As a girl I dreamt of love and the dream was simply to belong. To have a hand to hold, an anchor to keep me moored; to stop me drifting, meaninglessly through life.
A person to call home.
I dreamt no bigger, because in my childish naivety, love was that simple.
At 17, I expected no more. In fact, I expected nothing. I floundered my way through brief moments with boys with grubby hands and grubby sheets: giving myself away easily to anyone that bothered to see me. The desperation to be wanted, I’m sure, could be smelt on my skin. I was too grateful to expect more and I repaid that gratitude by being whoever they wanted me to be – by allowing the space between my legs to be used as a temporary rest stop. By allowing my voice to be silenced and my soul to be suppressed.
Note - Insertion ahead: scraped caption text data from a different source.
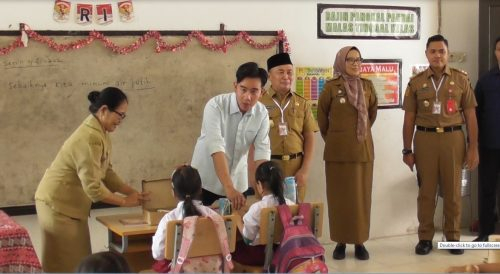 Wapres RI Gibran Rakabuming didampingi Gubernur Kalteng H. Sugianto Sabran, Pj. Wali Kota Palangka Raya Hera Nugrahayu dan Plt. Kepala Dinas Pendidikan Prov. Kalteng Mhammad Reza Prabowo saat mengunjungi salah ruang kelas SDN Langkai I Palangka Raya.(Photo/ivan)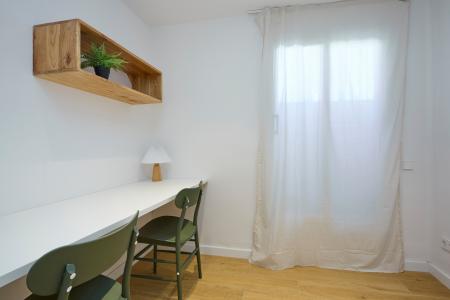 Alquiler de temporada en Ciutat Vella: Apartamento con balcón y despacho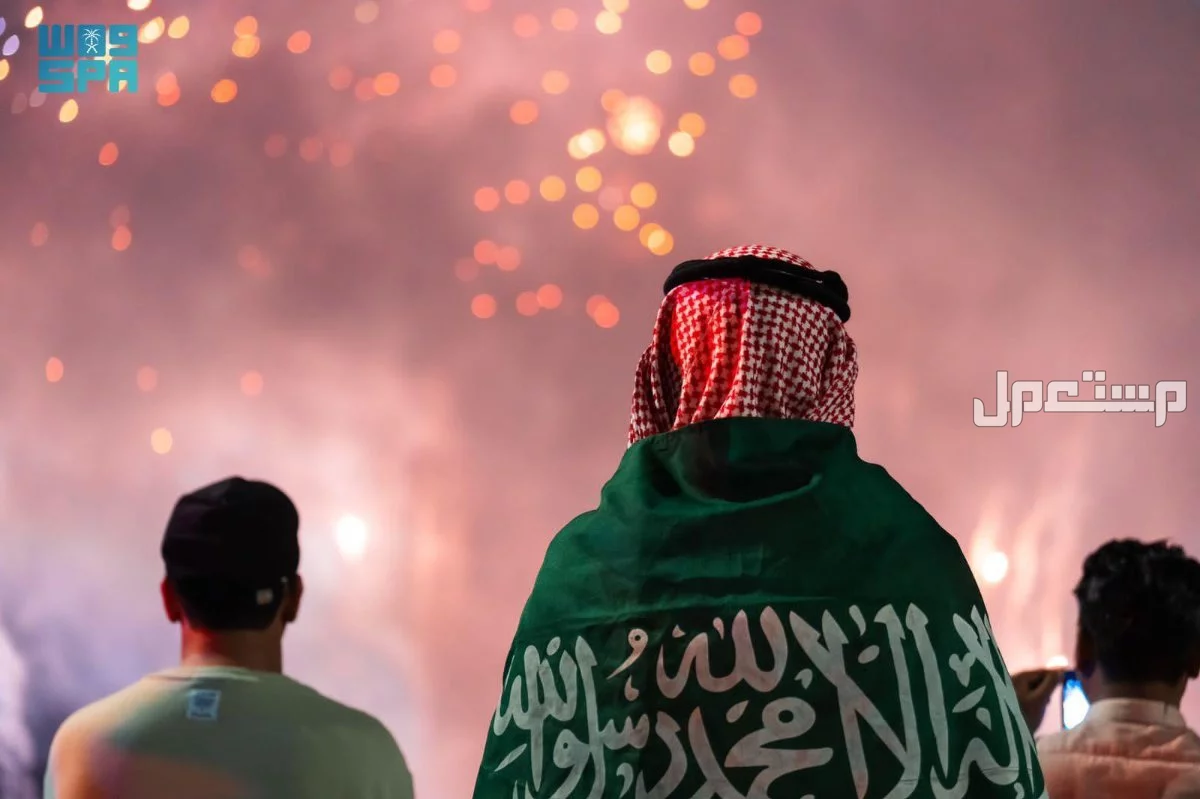 فعاليات اليوم الوطني السعودي 95 في جدة 2025 رجل يضع علم السعودية علي ظهره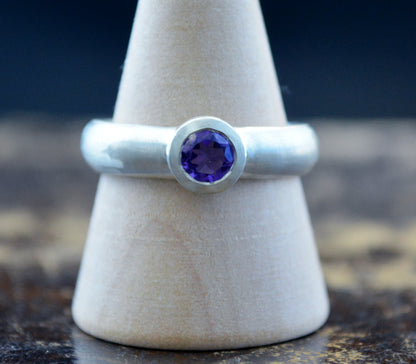 Halo – Anillo de plata con gema engastada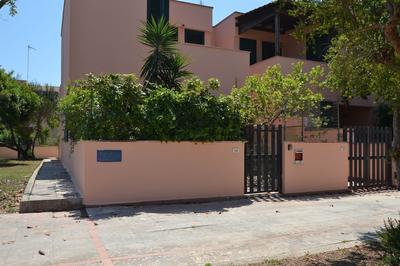 Comfortable Three-room Villa Located in Torre Dell'orso on the Ground Floor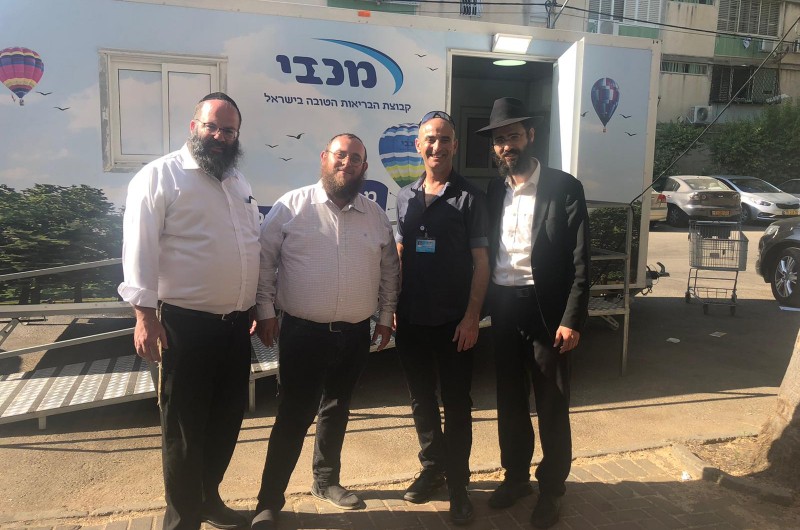 'מכבי' משקיעה בשוק החב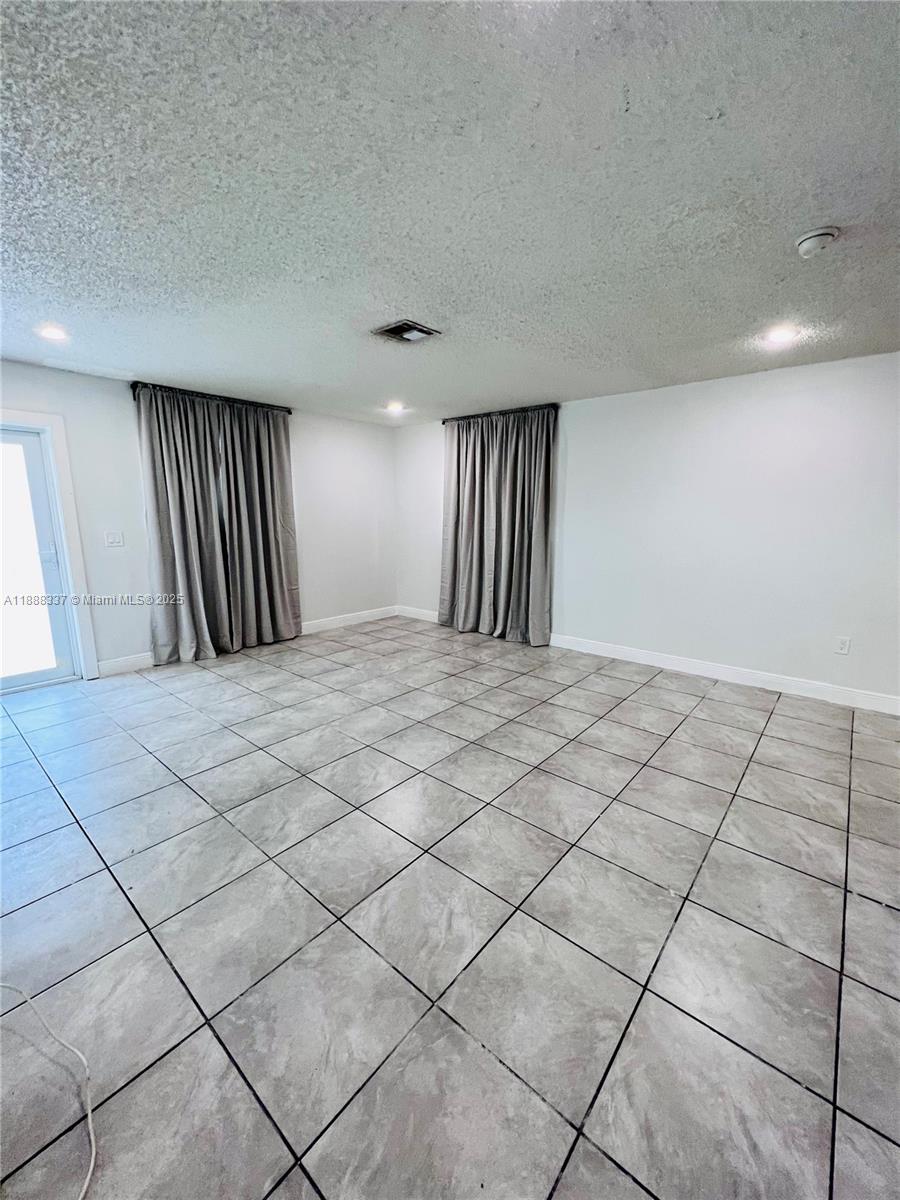   /  1985 sq. ft. $ 2025-10-01 0 Photo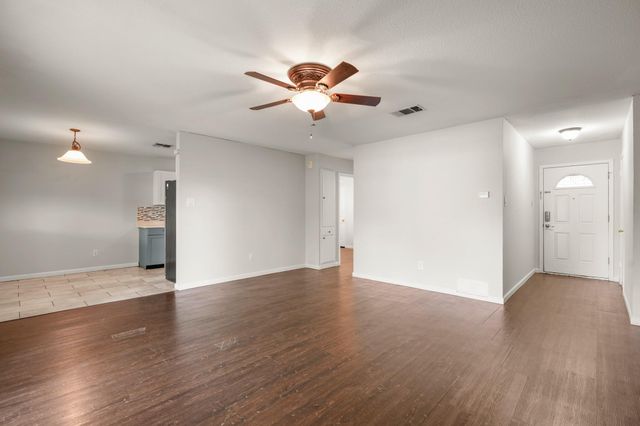 2004 Greenhill DR, Round Rock, TX 78664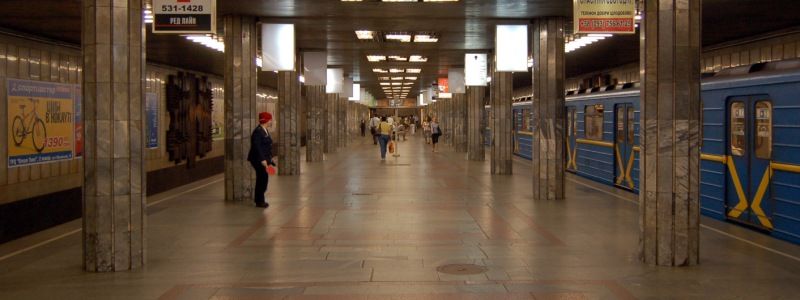 В метро Киева сняли экшен-ролик для британской компании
It never occurred to me to mind.
At 28, I found love. It was gentle and affirming, constant and safe. I found that home within the body of another – someone that soothed my pain and yet took the constant blows I served up. Someone that stayed, no matter how many times I gave him reasons to go. This love showed me every single way that I was worthy of being loved, not in spite of who I was. But because of it. Because of every broken, dirty, bloodied, foul-mouthed part of me. I was a warrior. I was magical. And like a dandelion pushing through the cracks in the pavement, I began to bloom.
At 35, I would find that love alone was not enough. Not enough for me. I needed the kind of love that tore down walls and built castles in their wake. The kind that challenged and stretched and demanded more. One that pushed me harder – relentlessly in pursuit of the greatest version of me that I could possibly become. One that unfolded and explored the ugliest, darkest corners of my being, and adored me all the more, because I’d survived those wars. I needed a love that was unwavering, certain, selfish and unyielding. One that did not sit safely in the harbour but one eager to ride the waves and weather the storms: one that wasn’t afraid being battered by the rocks.
And I finally believed myself worthy of it.
At 37, I realised that this kind of love requires sacrifice. It has a price. And that price is a lifetime alone.
Because this kind of love does not exist within the arms of another.
This is the kind of love that can only be found within myself.